> _WHAT TO PRODUCE_
Scan the records beneath this line for the line holding "danpinera 108L large" and the line holding "Fototapeta premium Photo", then transcribe exactly those two and all lines between.

> _GIVEN INFORMATION_
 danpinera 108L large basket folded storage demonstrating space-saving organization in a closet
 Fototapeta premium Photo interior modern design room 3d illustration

...

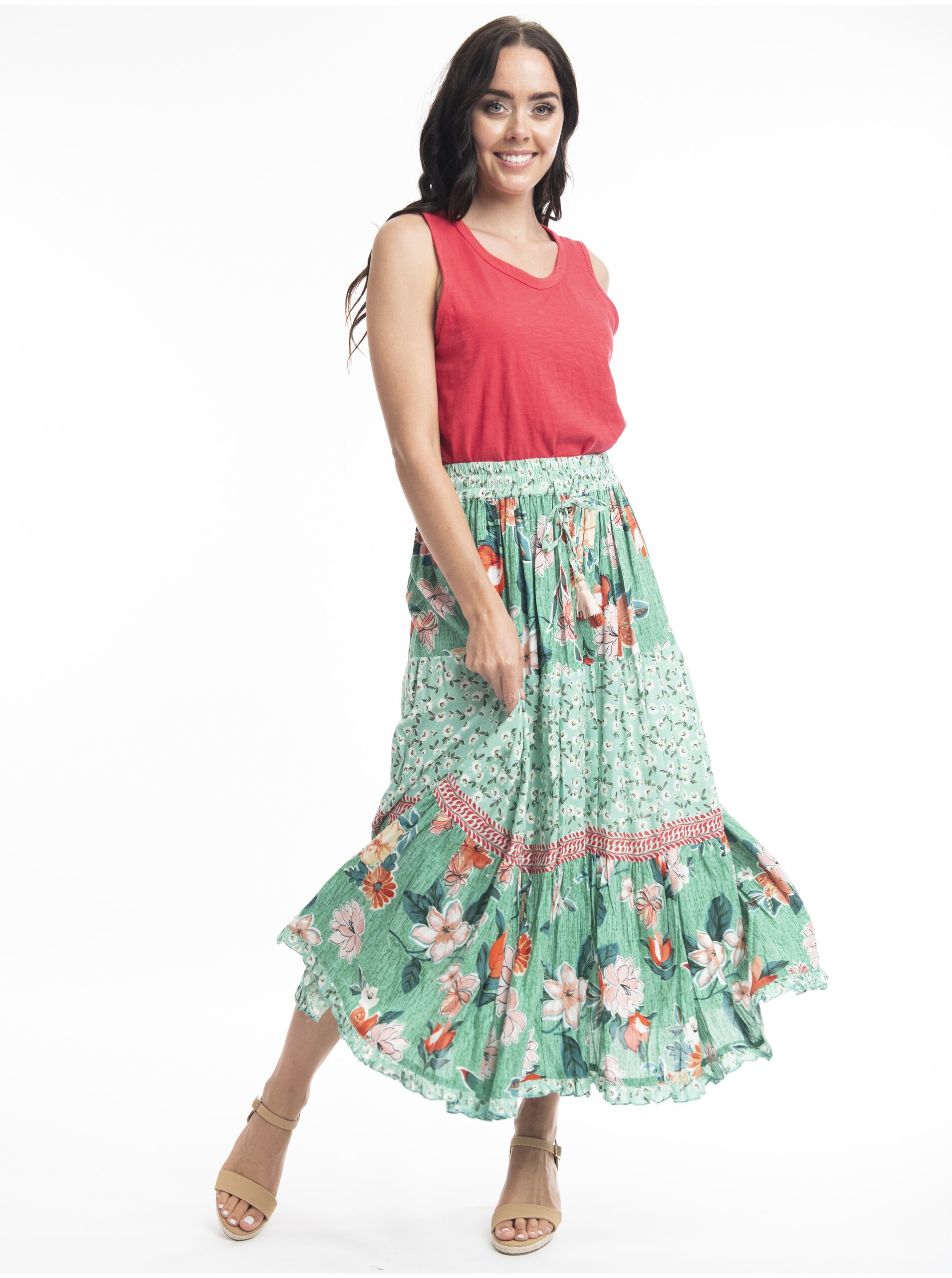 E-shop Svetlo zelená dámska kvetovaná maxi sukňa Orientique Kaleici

> _WRITTEN RESPONSE_
 danpinera 108L large basket folded storage demonstrating space-saving organization in a closet
 Fototapeta premium Photo interior modern design room 3d illustration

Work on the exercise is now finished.